● **Required action**
From the records below, copy out each line that has the word "Purple".

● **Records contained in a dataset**
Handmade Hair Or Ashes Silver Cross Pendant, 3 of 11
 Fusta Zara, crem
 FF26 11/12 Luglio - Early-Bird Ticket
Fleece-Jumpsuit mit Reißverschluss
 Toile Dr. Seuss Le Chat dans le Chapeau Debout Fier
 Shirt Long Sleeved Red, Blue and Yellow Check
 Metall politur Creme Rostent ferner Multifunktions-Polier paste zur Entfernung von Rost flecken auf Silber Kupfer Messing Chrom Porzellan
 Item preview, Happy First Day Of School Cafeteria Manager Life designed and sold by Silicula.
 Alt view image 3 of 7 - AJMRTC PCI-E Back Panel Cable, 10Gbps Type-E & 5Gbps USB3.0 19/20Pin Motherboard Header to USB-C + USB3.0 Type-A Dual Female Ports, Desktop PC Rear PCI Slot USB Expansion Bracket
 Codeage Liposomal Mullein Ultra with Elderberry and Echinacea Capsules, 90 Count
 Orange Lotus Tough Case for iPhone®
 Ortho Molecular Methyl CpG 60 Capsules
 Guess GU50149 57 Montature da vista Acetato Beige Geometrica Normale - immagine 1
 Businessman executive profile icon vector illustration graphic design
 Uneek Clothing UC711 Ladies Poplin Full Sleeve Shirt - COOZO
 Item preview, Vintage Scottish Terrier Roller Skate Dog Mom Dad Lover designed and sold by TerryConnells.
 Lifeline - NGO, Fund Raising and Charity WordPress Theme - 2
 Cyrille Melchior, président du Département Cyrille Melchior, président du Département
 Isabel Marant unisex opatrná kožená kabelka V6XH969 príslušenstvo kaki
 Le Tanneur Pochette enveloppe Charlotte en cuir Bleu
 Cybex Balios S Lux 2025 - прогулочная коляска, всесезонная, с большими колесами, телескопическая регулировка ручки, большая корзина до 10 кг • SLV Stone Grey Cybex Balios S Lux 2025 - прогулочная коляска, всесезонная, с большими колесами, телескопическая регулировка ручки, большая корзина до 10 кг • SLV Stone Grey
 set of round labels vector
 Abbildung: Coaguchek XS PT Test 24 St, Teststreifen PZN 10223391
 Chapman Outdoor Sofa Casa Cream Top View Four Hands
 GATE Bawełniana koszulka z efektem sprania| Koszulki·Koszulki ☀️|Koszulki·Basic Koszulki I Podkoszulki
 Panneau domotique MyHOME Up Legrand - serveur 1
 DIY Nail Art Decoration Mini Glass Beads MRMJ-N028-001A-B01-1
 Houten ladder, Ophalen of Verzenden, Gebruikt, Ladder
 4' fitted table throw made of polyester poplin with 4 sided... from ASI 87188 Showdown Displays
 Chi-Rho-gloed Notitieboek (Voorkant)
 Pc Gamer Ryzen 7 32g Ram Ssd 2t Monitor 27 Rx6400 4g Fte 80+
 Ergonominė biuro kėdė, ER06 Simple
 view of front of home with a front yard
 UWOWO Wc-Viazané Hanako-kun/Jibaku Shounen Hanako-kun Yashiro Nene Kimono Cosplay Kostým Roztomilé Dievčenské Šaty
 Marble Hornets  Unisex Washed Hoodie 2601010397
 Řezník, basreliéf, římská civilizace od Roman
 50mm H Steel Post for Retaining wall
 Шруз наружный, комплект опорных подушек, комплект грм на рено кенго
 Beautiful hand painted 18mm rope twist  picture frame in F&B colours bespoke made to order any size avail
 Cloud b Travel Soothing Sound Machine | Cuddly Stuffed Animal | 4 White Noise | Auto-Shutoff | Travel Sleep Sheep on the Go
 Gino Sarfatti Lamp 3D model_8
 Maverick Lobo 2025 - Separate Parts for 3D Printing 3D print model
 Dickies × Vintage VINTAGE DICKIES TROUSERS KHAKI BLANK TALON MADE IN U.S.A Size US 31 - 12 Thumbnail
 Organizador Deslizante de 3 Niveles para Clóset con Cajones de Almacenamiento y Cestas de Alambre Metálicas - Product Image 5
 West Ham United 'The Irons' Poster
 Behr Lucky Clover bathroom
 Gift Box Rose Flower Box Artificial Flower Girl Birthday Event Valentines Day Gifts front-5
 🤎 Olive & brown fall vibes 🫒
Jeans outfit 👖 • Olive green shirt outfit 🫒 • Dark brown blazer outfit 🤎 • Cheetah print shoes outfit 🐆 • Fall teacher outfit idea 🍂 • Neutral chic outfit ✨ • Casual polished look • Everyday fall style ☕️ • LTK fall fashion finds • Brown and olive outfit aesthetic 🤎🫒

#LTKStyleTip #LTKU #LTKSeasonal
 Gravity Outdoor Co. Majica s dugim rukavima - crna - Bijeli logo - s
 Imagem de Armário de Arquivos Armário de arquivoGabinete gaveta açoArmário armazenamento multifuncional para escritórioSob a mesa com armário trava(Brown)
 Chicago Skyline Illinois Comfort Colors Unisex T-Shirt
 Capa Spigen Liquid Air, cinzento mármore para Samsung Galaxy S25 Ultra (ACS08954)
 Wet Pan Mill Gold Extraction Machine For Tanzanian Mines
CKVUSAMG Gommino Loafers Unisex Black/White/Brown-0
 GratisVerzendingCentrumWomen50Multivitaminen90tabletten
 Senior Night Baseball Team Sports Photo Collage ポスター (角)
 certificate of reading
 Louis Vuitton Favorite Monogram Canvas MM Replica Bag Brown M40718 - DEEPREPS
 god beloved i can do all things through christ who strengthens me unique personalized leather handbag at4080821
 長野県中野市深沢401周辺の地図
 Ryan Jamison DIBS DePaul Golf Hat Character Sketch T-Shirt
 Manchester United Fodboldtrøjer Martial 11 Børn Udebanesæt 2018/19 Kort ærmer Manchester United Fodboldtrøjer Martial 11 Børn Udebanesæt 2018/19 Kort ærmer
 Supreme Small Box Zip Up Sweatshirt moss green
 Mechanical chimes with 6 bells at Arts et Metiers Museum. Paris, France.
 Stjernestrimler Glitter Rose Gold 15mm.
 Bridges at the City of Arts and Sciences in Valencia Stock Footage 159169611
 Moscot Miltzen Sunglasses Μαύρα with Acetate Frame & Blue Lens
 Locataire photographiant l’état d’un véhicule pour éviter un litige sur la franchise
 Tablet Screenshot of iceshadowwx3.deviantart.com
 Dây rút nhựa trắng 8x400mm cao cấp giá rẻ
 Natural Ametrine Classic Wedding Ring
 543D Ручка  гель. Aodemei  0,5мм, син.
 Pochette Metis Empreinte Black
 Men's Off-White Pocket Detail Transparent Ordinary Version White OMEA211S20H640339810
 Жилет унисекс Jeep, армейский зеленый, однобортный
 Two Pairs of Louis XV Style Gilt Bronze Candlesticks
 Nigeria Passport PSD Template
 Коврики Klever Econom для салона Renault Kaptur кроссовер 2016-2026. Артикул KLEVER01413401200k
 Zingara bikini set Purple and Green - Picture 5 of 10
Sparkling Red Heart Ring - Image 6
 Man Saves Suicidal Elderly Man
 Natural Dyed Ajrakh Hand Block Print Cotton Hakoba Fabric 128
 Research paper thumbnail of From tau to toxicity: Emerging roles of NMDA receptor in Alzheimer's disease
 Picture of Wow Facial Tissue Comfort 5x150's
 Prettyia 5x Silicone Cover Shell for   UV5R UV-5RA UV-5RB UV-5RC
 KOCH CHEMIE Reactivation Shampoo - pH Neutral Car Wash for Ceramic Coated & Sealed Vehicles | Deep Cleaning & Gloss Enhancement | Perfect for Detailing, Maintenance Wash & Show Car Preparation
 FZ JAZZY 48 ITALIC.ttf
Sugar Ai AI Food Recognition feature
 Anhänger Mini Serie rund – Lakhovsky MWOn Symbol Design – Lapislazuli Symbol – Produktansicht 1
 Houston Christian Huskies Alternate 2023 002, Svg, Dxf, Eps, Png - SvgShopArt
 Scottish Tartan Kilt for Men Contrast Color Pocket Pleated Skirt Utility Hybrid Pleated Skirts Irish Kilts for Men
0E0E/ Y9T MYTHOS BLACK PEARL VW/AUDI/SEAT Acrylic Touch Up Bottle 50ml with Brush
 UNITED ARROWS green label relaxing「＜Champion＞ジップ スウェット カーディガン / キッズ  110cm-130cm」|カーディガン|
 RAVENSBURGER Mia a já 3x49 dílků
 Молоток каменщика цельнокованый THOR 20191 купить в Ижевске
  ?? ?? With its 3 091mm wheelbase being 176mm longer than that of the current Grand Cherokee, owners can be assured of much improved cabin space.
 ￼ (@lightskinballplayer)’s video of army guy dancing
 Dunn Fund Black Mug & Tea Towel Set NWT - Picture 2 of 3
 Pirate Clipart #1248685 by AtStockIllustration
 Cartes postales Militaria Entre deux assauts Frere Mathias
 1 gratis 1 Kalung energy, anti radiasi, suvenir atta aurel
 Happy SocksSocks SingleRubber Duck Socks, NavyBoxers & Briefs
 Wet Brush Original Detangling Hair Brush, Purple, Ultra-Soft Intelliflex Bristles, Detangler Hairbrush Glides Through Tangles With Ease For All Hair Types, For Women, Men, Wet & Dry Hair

● **Expected output**
 Zingara bikini set Purple and Green - Picture 5 of 10
 Wet Brush Original Detangling Hair Brush, Purple, Ultra-Soft Intelliflex Bristles, Detangler Hairbrush Glides Through Tangles With Ease For All Hair Types, For Women, Men, Wet & Dry Hair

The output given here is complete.